To replace ip monitor link dev ethX
one can thus periodically poll /sys/class/net/ethX/operstate
to retrieve the same same information, like in the shell function below which polls about every 2 seconds the interface given as parameter and will output only changes:
stateevent () {
local fileoperstate=/sys/class/net/"$1"/operstate
local operstate oldoperstate=$(cat "$fileoperstate")
while sleep 2; do
operstate=$(cat "$fileoperstate")
if [ "$oldoperstate" = "$operstate" ]; then
continue
fi
oldoperstate="$operstate"
echo "$operstate"
done
}
OP's wish is in the end to lose the routes of the disconnected interface so there's no timeout, and no clash with the dual-homed RPi (there are solutions to have two default gateways handled each in its own routing table, but it's complex especially with integration with DHCP, and would require its own approach and still require anyway the handling of carrier loss).
From a few tests, it's easier to lose the address (which will also lose the routes) than just the routes, or those routes (specifically the kernel's automatic LAN route) might not recover correctly later.
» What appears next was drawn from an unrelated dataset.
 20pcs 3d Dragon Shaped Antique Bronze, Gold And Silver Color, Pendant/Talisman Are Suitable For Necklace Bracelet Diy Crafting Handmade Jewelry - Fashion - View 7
That means that in the rare cases the RPi is client of itself, it should not connect to its own addresses that are set by DHCP but stick for example with addresses assigned on the lo interface like 127.0.0.1 or any additional address added there.
Busybox' built-in udhcpc
has an useful feature to help with all this easily:
Signals:
USR1
Renew lease
USR2
Release lease
So just ask the running udhcpc to do the work itself with a simple signal: release will remove the address (the DHCP server can't be informed since the interface was disconnected, but that's not an issue), renew will add it (and the routes) back.
Here's an event loop function that will do this, with events coming from the output of the previous one:
eventloop () {
local intf=$1
local state
while read -r state; do
case "$state" in
lowerlayerdown)
pkill -USR2 -f "(^|/)udhcpc( | .* )-i $intf( |$)"
;;
up)
pkill -USR1 -f "(^|/)udhcpc( | .* )-i $intf( |$)"
;;
down)
;;
esac
done
}
There's nothing to do if the interface was brought administratively down (even with just ip link set eth0 down
): the routes are already removed by the kernel and the LAN routes will be added back by itself later, completed by the default route with the signal sent to udhcpc once the interface is back up.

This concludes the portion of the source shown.